GIVEN DATA:
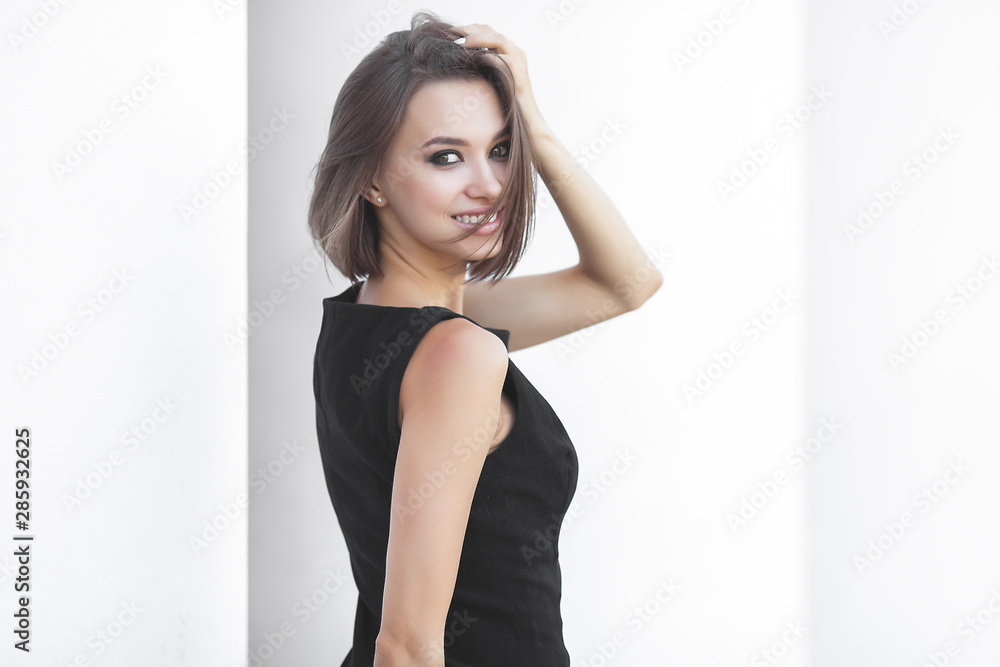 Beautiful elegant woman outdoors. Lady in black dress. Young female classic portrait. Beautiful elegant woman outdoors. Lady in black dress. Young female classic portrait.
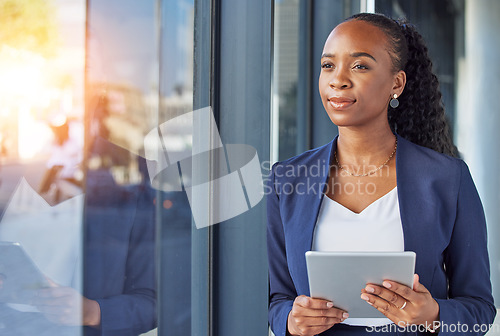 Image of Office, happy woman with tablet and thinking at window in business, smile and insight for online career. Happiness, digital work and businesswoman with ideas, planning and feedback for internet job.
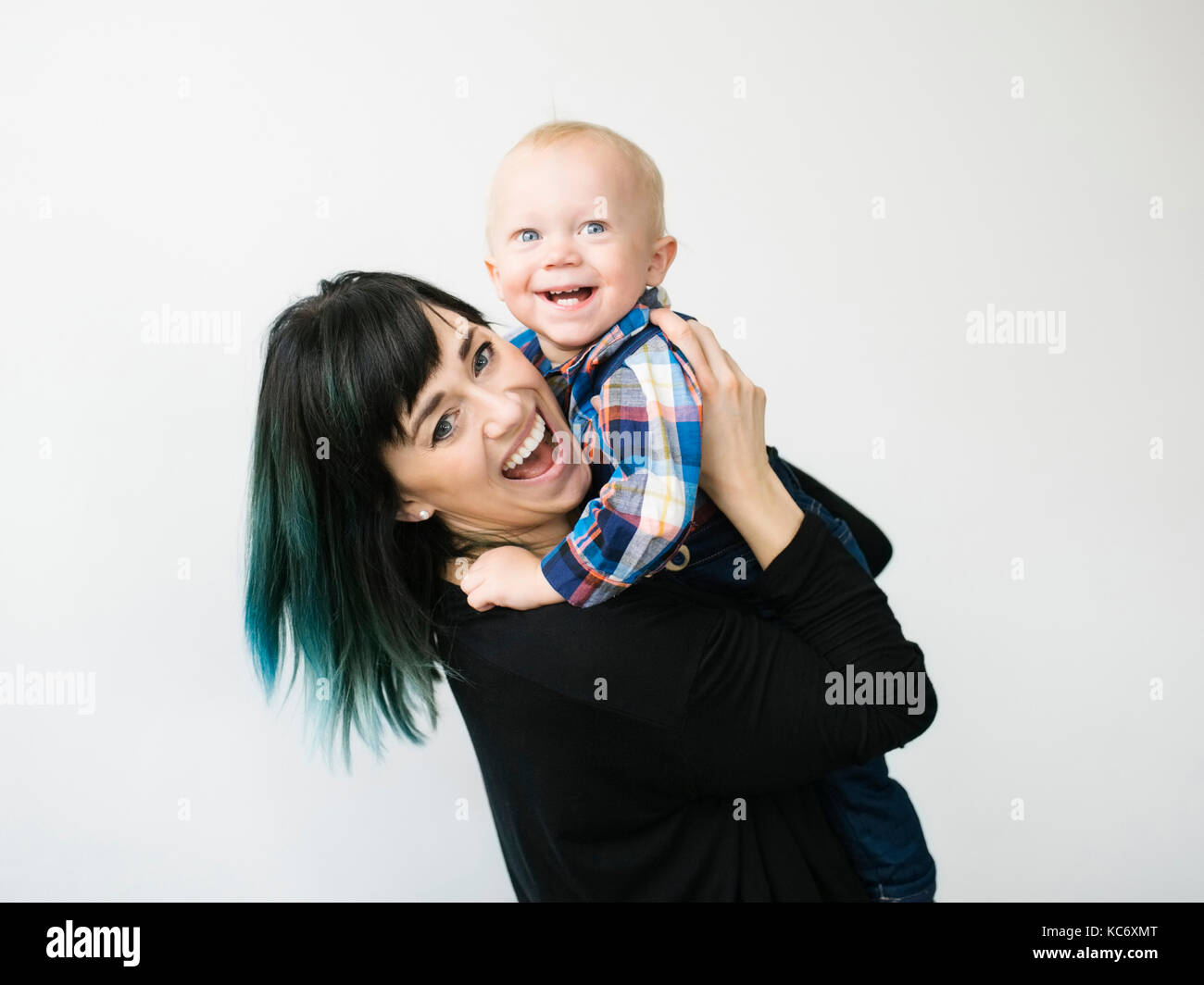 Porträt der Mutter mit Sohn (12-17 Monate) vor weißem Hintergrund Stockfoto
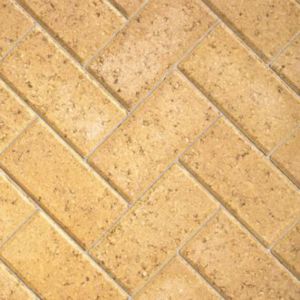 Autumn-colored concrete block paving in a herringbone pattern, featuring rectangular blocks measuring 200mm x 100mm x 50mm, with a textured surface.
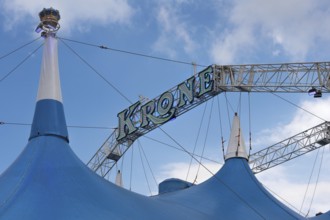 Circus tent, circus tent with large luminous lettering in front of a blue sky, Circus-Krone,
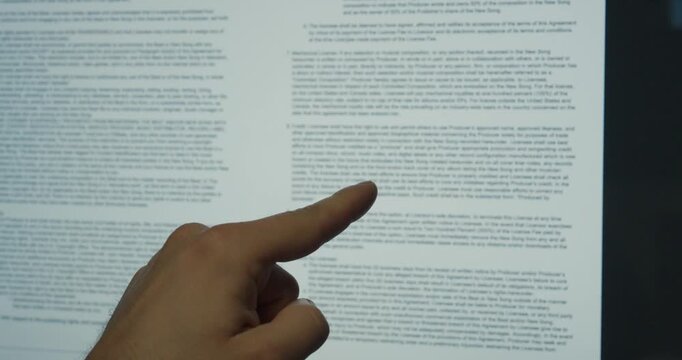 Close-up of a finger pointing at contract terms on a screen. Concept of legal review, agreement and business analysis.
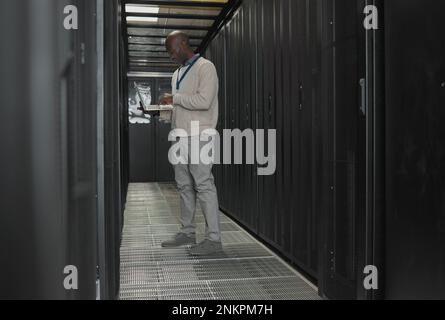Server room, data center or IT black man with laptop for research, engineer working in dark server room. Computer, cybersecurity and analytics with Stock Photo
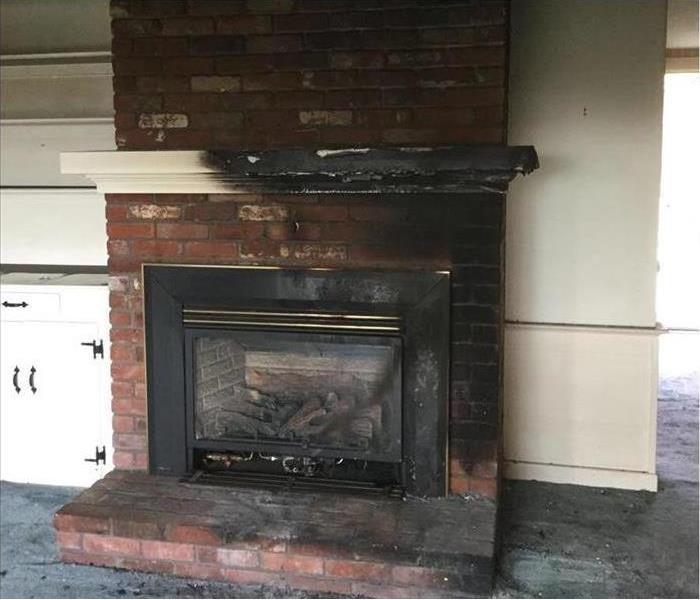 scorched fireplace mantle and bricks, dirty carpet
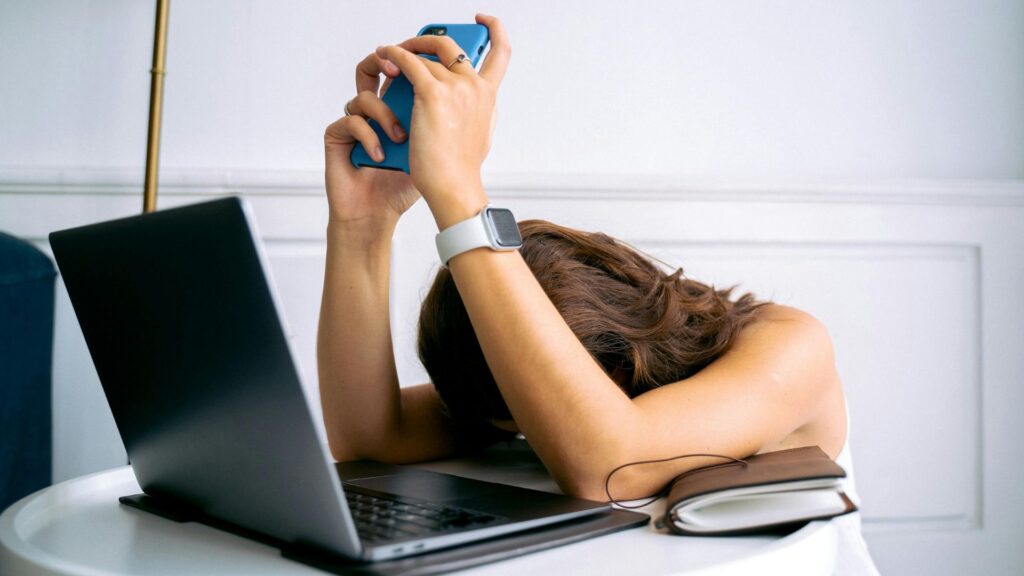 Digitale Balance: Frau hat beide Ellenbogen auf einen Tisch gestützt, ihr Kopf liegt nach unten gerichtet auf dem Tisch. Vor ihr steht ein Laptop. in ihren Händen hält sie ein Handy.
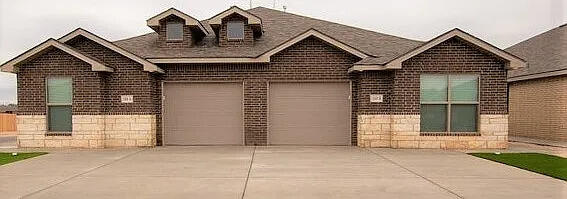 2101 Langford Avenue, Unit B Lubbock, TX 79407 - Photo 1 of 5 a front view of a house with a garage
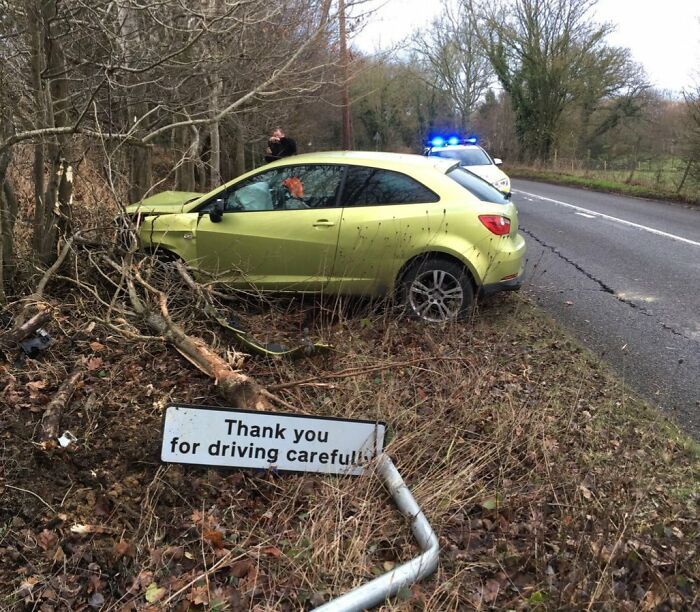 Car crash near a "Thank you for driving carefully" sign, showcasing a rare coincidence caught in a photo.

EXERCISE GOAL:
Copy all the lines of data exactly as they appear, dropping any images.

TASK ANSWER:
 Beautiful elegant woman outdoors. Lady in black dress. Young female classic portrait. Beautiful elegant woman outdoors. Lady in black dress. Young female classic portrait.
 Image of Office, happy woman with tablet and thinking at window in business, smile and insight for online career. Happiness, digital work and businesswoman with ideas, planning and feedback for internet job.
 Porträt der Mutter mit Sohn (12-17 Monate) vor weißem Hintergrund Stockfoto
 Autumn-colored concrete block paving in a herringbone pattern, featuring rectangular blocks measuring 200mm x 100mm x 50mm, with a textured surface.
 Circus tent, circus tent with large luminous lettering in front of a blue sky, Circus-Krone,
 Close-up of a finger pointing at contract terms on a screen. Concept of legal review, agreement and business analysis.
Server room, data center or IT black man with laptop for research, engineer working in dark server room. Computer, cybersecurity and analytics with Stock Photo
 scorched fireplace mantle and bricks, dirty carpet
 Digitale Balance: Frau hat beide Ellenbogen auf einen Tisch gestützt, ihr Kopf liegt nach unten gerichtet auf dem Tisch. Vor ihr steht ein Laptop. in ihren Händen hält sie ein Handy.
 2101 Langford Avenue, Unit B Lubbock, TX 79407 - Photo 1 of 5 a front view of a house with a garage
 Car crash near a "Thank you for driving carefully" sign, showcasing a rare coincidence caught in a photo.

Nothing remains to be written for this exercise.